ZFS on Hardware-Raid

gea

Well-Known Member
Dec 31, 2010
2,502
842
113
DE
Your current problem is not ZFS but OS, configuration or hardware related.
What you should consider

Fastest resilver is sequential resilver on Oracle Solaris but not free
But there is work to implement it in Open-ZFS

As iops and fragmentation is the main time related factor, you should
care about. Iops depends on vdev layout especially number of vdevs.
Raid-Z vdev has the iops of a single disk while on a mirror iops read is 2 x disk and write is 1x.
So a pool from many mirrors is much faster than a raid-z with less vdevs.

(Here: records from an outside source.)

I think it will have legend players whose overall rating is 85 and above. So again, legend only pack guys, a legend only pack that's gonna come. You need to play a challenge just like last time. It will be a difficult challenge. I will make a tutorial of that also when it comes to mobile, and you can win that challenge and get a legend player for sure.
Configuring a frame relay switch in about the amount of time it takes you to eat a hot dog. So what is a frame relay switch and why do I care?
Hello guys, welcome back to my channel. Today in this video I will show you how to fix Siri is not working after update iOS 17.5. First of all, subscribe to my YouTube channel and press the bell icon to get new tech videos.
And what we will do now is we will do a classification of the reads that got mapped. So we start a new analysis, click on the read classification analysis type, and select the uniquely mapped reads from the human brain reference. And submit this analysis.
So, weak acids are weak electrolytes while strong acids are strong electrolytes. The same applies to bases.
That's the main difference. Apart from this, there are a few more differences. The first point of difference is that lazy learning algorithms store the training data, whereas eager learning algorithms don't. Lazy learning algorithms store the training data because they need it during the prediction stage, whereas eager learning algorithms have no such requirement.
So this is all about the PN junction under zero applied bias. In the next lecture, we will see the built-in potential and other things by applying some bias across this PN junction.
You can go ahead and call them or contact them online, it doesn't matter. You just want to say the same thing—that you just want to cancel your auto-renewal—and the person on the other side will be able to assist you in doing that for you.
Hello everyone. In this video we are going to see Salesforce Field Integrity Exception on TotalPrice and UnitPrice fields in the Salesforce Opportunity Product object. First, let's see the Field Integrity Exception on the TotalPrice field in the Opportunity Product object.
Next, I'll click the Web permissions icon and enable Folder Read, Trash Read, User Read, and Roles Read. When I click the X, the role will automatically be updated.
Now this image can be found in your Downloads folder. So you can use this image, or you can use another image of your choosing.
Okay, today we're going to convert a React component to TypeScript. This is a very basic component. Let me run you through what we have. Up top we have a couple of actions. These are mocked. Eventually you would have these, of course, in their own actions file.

Fragmentation depends on fillrate. If you want a fast pool stay below say 60% fillrate

With Raid-Z always Z2 or Z3 to allow any two disks to fail. On mirrors this is expensive
but a failure of two disks in a mirror is not very likely. A backup is always a good idea.

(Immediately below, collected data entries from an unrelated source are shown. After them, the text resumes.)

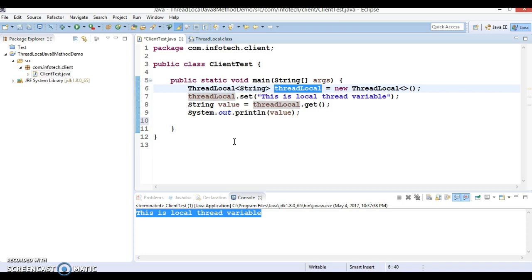Now you have a basic idea about the ThreadLocal class and how it can be used to create variables that are thread safe. Let's see two use cases. In this first video we are going to see the first use case, and in the second video we are going to see the second use case. When we have a requirement to associate a state with a thread, like a user ID or transaction ID, that usually happens in web applications where every request going to a servlet has a unique transaction ID associated with it.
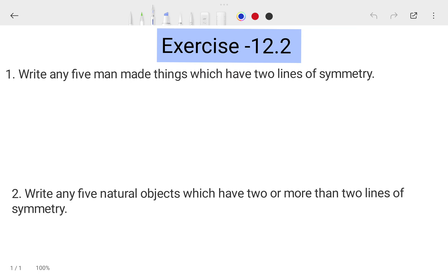Hi, this is Priyanshu. In today's video we are going to talk about Class 6 Mathematics, Chapter 12, Exercise 12.2, which is related to the Telangana state board. In this video we are going to see the solution of this exercise. This is a very easy exercise, so I hope it is going to be clear for you. Let's start from the first question.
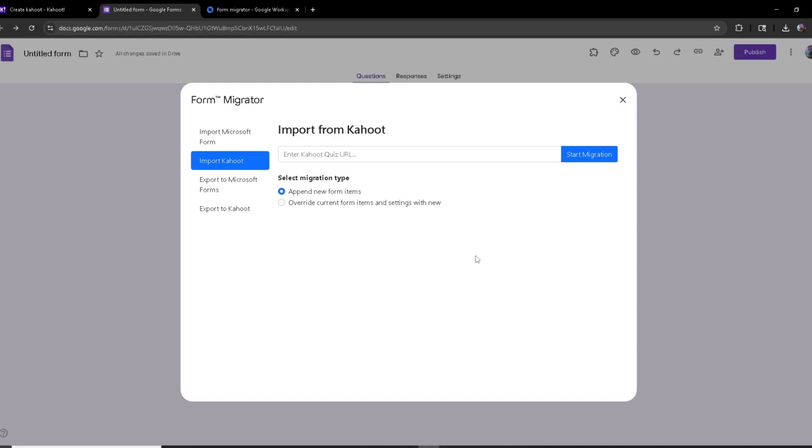But if you want to override them or you want them to be deleted and instead have the Kahoot be the one, then you can click on override current items, which is what I'm going to do.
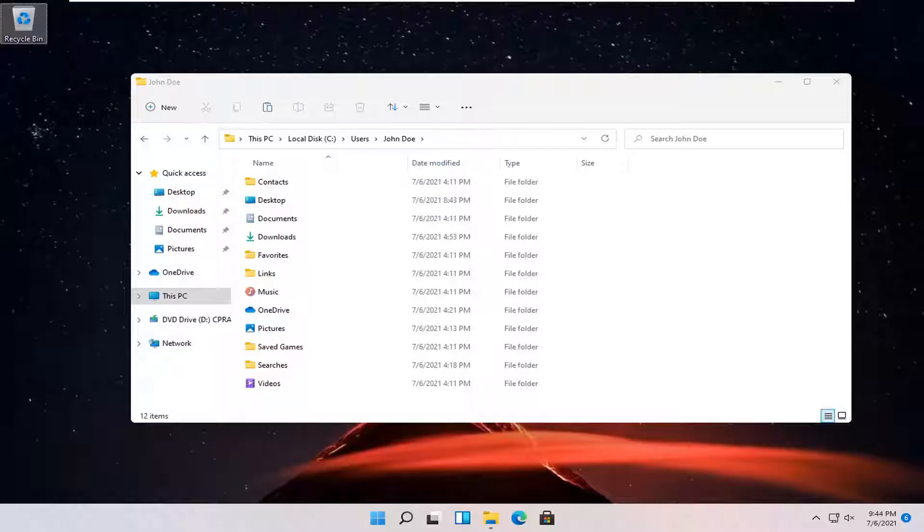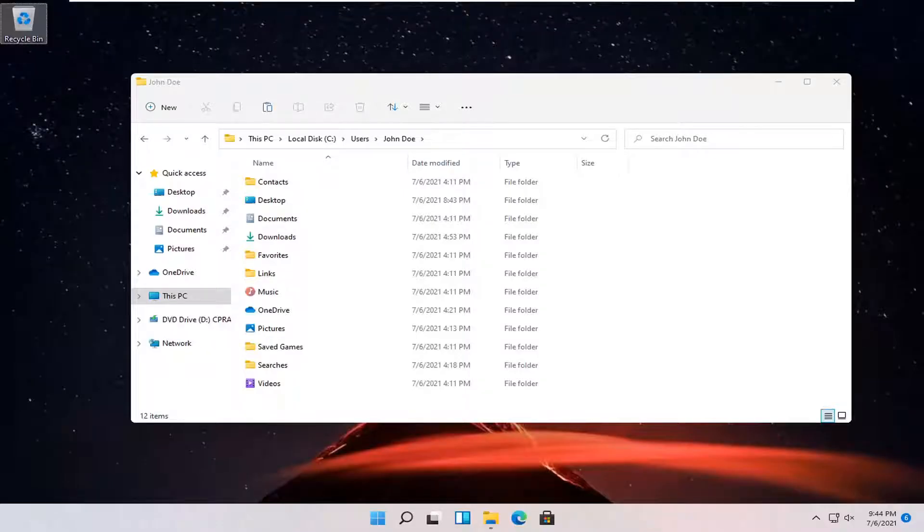In today's tutorial, I'm going to show you guys how to resolve if you're having an issue with your AppData folder not being visible. This should be a pretty straightforward process here.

A larger recordsize reduce metadata but can slow down if your use case is for ex. iSCSI
or VM storage where the application works with a small blocksize. Asift=12 is default
by current setups (512e or 4kn)

With many disks especially with an expander use SAS disks. A single bad Sata disk can
initiate blocks or resets on an expander.

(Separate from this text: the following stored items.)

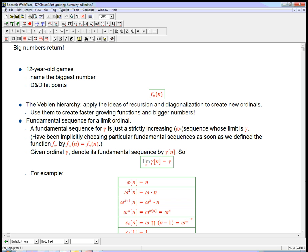A limit ordinal is just something that's not a successor — not something else plus one. Omega is certainly a limit ordinal; omega squared, omega to the omega, epsilon-naught — all of these. A fundamental sequence for a limit ordinal gamma is just a strictly increasing sequence whose limit is gamma. Since we're talking about ordinals, we could imagine sequences indexed by something other than the integers, but we're always going to just use integers — an omega sequence. We've been implicitly using these ever since we started the diagonalization trick with f sub omega: we defined f sub omega of n by putting n in place of omega.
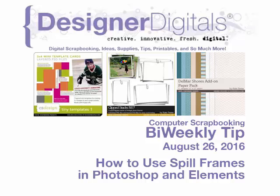Welcome to Designer Digital's Bi-Weekly Tip, August 26, 2016.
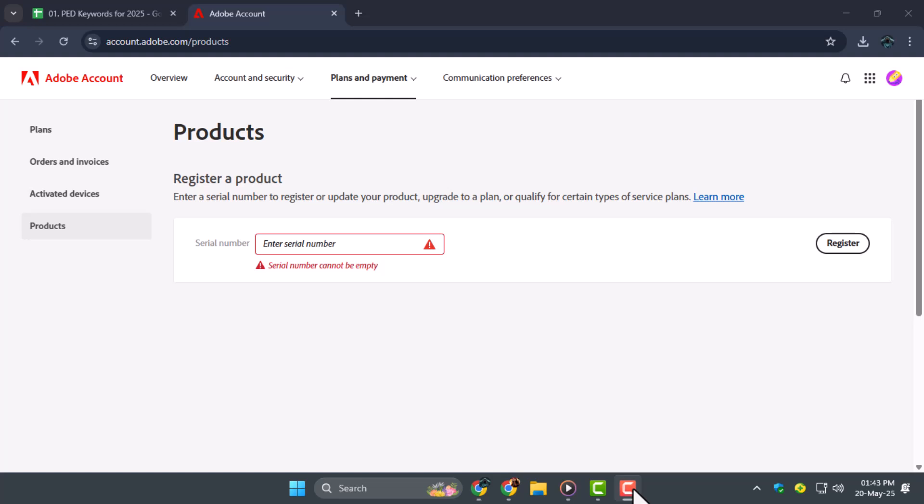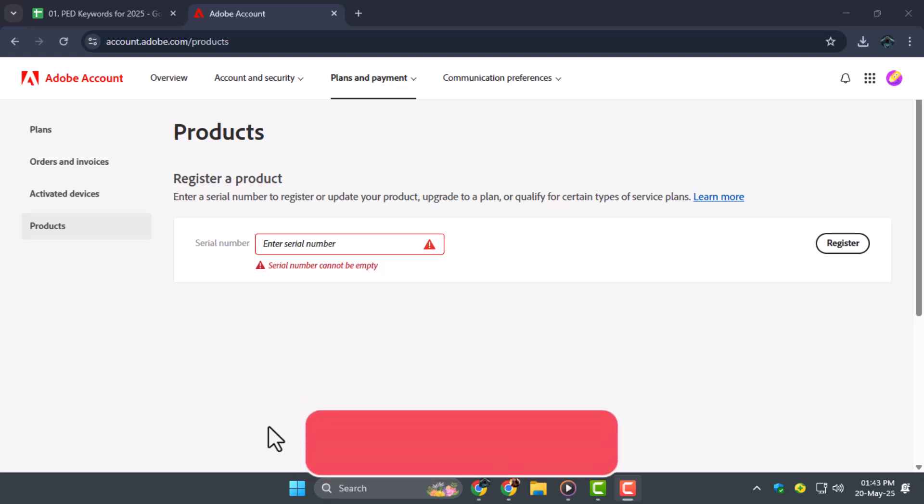Step 5. Now go back to Adobe Acrobat Reader on your computer. It should automatically recognize your license and activate the full version. You are now ready to start using all premium features without interruptions.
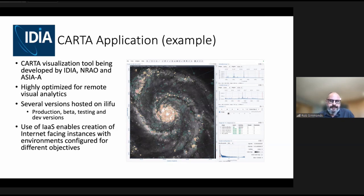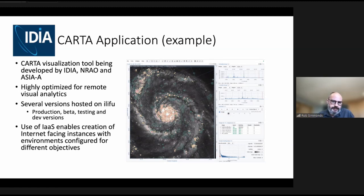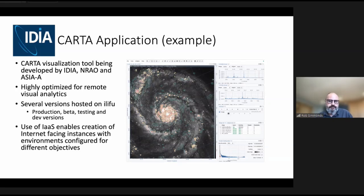Here's an example of what's really nice about having an Infrastructure as a Service cloud. This is an application being developed by IDIA along with international partners — a tool highly optimized for remote visual analytics of radio data. It splits out the processing between front-end and back-end: the front end handles low-latency tasks, and the back end provides heavy processing power and access to large data stores. On ILIFU we actually host multiple versions of this software, and the Infrastructure as a Service model gives us a lot of flexibility in creating virtualized environments to host these different cases.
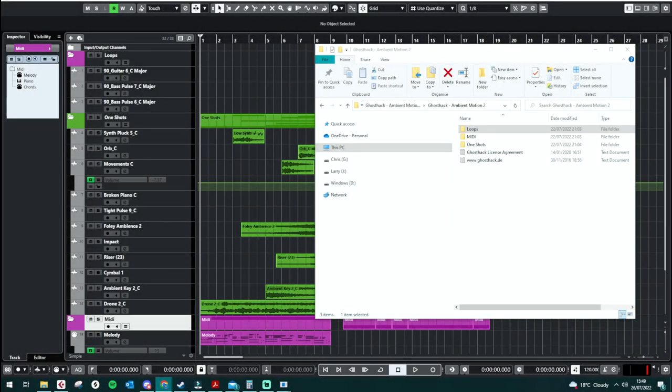Good morning, afternoon, evening, whatever time zone you're in. It's Jess from Audio Plugin Deals, and today we're having a look at Ghost Hacks Ambient Motion 2.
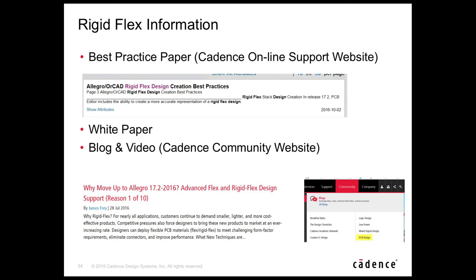Closing out the rigid-flex section: a best practice paper is available on the Cadence Online Support website, easily found by searching 'rigid flex.' A white paper has also been authored. The Cadence Community site has a blog area where Jim has authored a blog on rigid-flex, and team members Mike Catrabone, Ed Atchison, and Vince Dalella will contribute blogs with links to videos and white papers.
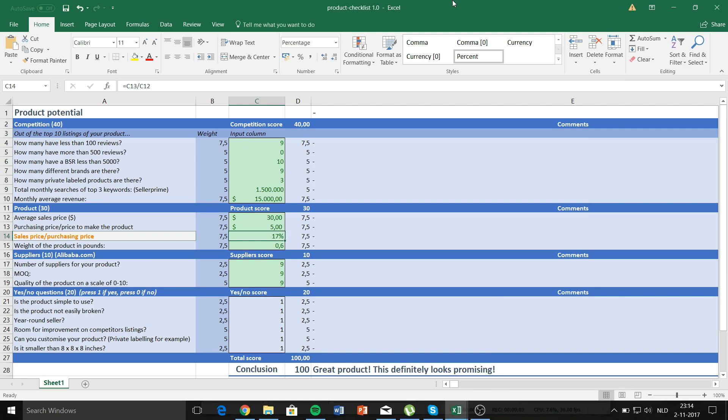Hey guys, today I'll be showing you in my opinion the best way to do your product research. How I like to do my product research is I like to combine my own checklist with the data of online research tools.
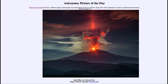Greetings and welcome to the Introduction to Astronomy. One of the things that I like to do in each of my introductory astronomy classes is to begin the class with the Astronomy Picture of the Day from the NASA website, that is apod.nasa.gov/apod.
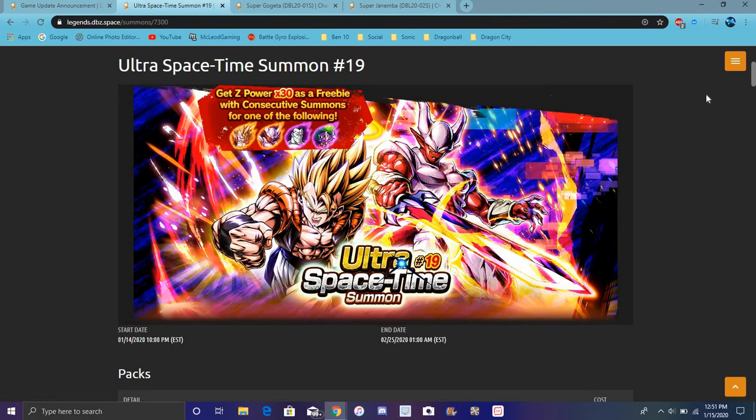He'll probably take up the whole screen if he transforms. But yeah, I don't know how they would incorporate that. And Dokkan, I think they already did that, but we need like a full-on transforming Janemba. LR Janemba because he's gonna be broken, like dodging and stuff like that.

Ram as readcache for metadate (or with less RAM an L2Arc, ex an Intel Optane) reduce
reads from pool what makes a resilver faster.

Avoid dedup (at least outside Solaris and dedup2) and stay with lz4 compress.

Prefer a Solarish based OS for ZFS storage or a Free-BSD one.

With this in mind a resilver is is a matter of say a day or less.
 
Last edited:

ttabbal

Active Member
Mar 10, 2016
747
202
43
43
Or reduce the random load on the pool while repairs are in progress. It was mentioned that this is a backup target. Disable that while the resliver runs.

One of the reasons array rebuild is fast on hardware RAID is that it is often done in BIOS or EFI with no other load. Keeping the disks in sequential mode helps a LOT.

I replaced a mirror recently in OpenZFS on Linux. Keeping the load down I was near the max sequential write of the drive most of the time and it was hours, not days, to complete. In this case it was a 6TB disk, but the array is not full. I believe it had about 3TB to copy.